My line vibrated and hummed as the fish on the other end of the line worked to free itself. It pulled hard, racing into the swift current, and stressed my lightweight pole. My lazy pregnancy had taken its toll on my body, and I knew that my arms wouldn’t withstand the struggle for long. I slid the butt end of the rod into the groove between my large belly and bony hip. With the rod stabilized I began to horse the fish to shore. When the fish struggled I stopped reeling and let him run, and when he stopped to catch his breath I reeled, and we battled.

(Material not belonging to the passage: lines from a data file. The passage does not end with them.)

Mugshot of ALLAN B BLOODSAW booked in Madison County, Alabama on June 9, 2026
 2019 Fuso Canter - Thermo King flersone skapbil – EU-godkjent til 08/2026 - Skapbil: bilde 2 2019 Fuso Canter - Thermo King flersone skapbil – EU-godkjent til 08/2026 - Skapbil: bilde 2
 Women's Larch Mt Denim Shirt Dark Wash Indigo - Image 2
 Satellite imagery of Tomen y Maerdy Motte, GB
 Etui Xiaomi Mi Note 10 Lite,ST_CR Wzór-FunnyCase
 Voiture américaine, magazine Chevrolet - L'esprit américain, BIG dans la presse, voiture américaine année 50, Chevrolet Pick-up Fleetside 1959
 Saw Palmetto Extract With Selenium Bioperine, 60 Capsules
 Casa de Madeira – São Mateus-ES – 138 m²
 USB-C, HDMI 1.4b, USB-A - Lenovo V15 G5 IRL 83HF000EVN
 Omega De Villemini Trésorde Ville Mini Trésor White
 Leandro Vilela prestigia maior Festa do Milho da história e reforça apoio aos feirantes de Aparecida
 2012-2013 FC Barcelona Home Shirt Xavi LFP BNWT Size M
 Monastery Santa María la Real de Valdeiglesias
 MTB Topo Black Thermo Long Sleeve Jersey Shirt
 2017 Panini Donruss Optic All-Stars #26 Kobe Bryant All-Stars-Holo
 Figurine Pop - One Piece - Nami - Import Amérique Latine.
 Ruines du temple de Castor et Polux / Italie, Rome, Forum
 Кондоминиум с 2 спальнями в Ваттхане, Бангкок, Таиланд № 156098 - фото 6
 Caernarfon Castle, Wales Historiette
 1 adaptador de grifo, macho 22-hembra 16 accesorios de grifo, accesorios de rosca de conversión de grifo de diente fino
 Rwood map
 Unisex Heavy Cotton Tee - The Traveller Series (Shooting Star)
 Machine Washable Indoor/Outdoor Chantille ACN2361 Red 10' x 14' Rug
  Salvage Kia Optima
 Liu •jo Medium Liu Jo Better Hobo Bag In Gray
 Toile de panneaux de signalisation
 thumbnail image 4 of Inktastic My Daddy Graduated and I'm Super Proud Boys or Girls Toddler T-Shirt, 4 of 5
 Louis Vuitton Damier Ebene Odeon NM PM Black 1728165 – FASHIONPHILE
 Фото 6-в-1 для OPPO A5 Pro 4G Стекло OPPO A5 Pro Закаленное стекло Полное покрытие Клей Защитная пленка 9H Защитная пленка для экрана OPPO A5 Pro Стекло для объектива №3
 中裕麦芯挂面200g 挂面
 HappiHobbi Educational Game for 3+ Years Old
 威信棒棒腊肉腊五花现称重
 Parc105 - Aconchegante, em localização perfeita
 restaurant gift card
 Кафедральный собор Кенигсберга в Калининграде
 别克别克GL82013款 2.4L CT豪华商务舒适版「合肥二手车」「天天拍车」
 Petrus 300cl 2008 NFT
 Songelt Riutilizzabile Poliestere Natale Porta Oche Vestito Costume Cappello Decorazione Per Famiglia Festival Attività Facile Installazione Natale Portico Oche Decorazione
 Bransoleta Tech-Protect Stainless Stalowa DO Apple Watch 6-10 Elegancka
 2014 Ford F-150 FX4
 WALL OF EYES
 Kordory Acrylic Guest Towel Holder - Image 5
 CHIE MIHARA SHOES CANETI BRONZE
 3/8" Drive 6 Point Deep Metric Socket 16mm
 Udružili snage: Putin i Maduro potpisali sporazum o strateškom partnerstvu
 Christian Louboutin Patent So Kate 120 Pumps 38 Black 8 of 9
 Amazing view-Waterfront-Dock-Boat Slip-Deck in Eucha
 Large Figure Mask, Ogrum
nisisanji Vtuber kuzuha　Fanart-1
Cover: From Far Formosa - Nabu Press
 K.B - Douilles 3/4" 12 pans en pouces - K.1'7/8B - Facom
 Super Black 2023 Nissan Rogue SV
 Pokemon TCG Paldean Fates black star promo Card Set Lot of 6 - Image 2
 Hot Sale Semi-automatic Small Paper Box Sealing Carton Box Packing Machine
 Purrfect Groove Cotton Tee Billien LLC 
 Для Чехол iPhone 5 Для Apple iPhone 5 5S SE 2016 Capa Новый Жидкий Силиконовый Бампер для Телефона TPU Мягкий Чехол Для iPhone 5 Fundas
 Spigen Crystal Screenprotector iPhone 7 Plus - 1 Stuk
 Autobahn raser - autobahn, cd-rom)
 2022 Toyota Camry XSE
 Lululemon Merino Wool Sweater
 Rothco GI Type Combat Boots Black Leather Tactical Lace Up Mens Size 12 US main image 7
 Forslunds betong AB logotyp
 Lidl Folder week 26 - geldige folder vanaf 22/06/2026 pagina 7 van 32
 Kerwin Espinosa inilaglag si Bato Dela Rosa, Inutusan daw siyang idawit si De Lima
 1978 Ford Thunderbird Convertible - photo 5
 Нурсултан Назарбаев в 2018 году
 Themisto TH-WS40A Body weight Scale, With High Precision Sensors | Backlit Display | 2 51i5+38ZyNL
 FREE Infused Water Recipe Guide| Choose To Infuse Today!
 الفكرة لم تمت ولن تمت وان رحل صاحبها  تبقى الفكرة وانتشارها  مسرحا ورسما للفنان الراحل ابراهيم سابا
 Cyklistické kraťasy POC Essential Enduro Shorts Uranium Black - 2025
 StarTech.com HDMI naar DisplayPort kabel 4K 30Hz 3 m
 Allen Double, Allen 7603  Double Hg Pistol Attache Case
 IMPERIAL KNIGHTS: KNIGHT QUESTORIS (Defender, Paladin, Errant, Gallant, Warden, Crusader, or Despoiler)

Seconds, felt like minutes. I held my breath, as if the slightest breeze from my mouth would be too much for my pole or line to handle. Once the head cleared the water, I released the air from my aching lungs and inhaled. I kept reeling until I got him to the muddy shoreline. To avoid stepping in the thick black goo of the bank, I kept the line tight and began walking backwards, dragging the fish along behind me. Dick slogged his way down the bank, my stringer in tow, ready to receive my latest catch.
I slowly knelt down on one knee in the mud, laid my pole down on the ground, and placed my hand over the silvery squirming salmon to remove the hook. My lower back screamed in agony. The fish thrashed under my administrations, its blue head arched and fell. His metallic gills worked desperately gasping for breath. I gasped from the force of my daughter in my back. I swiftly removed the little red hook from its lower jaw, grabbed the fish in one hand and used the other to push myself back to my feet. The pressure seemed to ease. Dick handed me the stringer, and I slid another blueback down the red nylon line. With the four fish on I figured I had about five pounds of good salmon meat for the freezer. I handed the heavy line back to Dick.
“Think you can get them back in the water for me?” I asked. Dick nodded, and made for the bank. “If you guys are tired of getting your ass kicked by a very pregnant woman,” I called out as he walked away, “we could go for a drive up to Trinity Mountain, or over to Rocky Bar, just for fun.”
Matt flipped me the bird in reply. The growing pressure in my groin and low back told me that this was the last rest I would get in a long time. I suspected I had another day of back labor ahead of me, due to the lack of definable contractions, and I wanted to spend every minute of it outdoors. With winter and a birth fast approaching I anticipated a long, painful absence from Mother Nature. I rubbed my fabulous day of fishing in their faces for a few more minutes and they gave in. We all took a bumpy, uncomfortable, twelve-hour ride up Fall Creek Road to the peaks, and down another twisted, rutted road to the old mining community. I thoroughly enjoyed my day; spending time with my friends, snuggling with my bear like husband in the backseat of Matt’s SUV, with my face pressed to the window soaking in the magical scenery of my home.
Despite the ER nurse’s assurance that I wasn’t in labor, three days prior, my beautiful baby girl emerged from her birth waters, red and wiggling, ten hours after arriving home at midnight. Thrilled with her arrival, and equally thrilled with the return of my body, I slept and dreamt of soaring high over Idaho, with my daughter cradled in my arms.